Он долго пыхтел, энергично пережевывая резинку. Потом утих и задумался.
— А он тебе не объяснял, что имел в виду?
— Нет.
— А говоришь, не дурак!
— Ну, он не виноват…
— А кто же виноват? Может, ты?
— Не ори.
— Да черт возьми, должно же все-таки на свете быть что-то еще, кроме черного рынка и кино? Что-то такое… Ну, не знаю. Но что-то где-то ведь должно же быть!
— Что?
— Что-то другое! Другое, понимаешь?!
— Да не ори ты.
— Твой папаша должен был тебе объяснить. А вместо этого пошел и нарвался на пулю — разбирайся, сыночек, сам, как знаешь! Вот спасибо! Очень надо ему было так поступать? Очень надо, да, скажи?
— Я-то откуда знаю. Может, и надо.
— Давай-давай, защищай его, — огрызнулся Леонс.
Удивительное дело: его так и трясло от злости. Мы вышли из собора, но и на улице, на ярком солнце, Леонс никак не мог успокоиться. Шагал, засунув руки в карманы, возмущенно пожимал плечами и ворчал:
— Ради других! Спорим на что угодно — он и сам не понимал, что это значит.

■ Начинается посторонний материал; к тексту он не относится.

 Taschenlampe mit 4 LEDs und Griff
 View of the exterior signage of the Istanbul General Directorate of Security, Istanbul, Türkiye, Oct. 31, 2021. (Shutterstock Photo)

Мы дошли по набережным до площади Согласия. Стало жарко. Я замаялся в своем верблюжьем пальто, которое было мне велико. Мешалась шляпа — я не привык ее носить. Слишком широкие и слишком длинные брюки подметали тротуар. Мне казалось, все прохожие смотрят на меня и смеются. Между желтым шарфом, в котором я утопал подбородком, и сползающей на глаза шляпой почти не оставалось лица. Около Академии нам навстречу прошел господин с орденом в петличке и что-то сказал своей спутнице — я расслышал только слово «пижон». Как же мне было тошно!
— Я хотел бы стать врачом, — ни с того ни с сего сказал Леонс. — Я видел один фильм с Гари Купером… Врач спасает людей. И положение у него солидное.
— А я — скорее учителем, как отец. Только, когда опять вернутся фрицы, я не пойду в партизаны на верную смерть.
— По-твоему, они могут вернуться? — удивился Леонс.
— Да они же всегда возвращаются.
— А ведь верно, — кивнул Леонс. — Вот дурацкая страна!
Какое-то время мы шли молча, размышляя на эту тему и глядя на Сену.
— Знаешь, у меня есть идея, — заговорил Леонс, — и я хотел с тобой поговорить. Мы оба плохо начали. Надо бы это исправить. Торгуя чем придется, в люди не выйдешь. Это несерьезно. Прокормиться можно, но это ничего не дает, ну… в человеческом, что ли, смысле, понимаешь?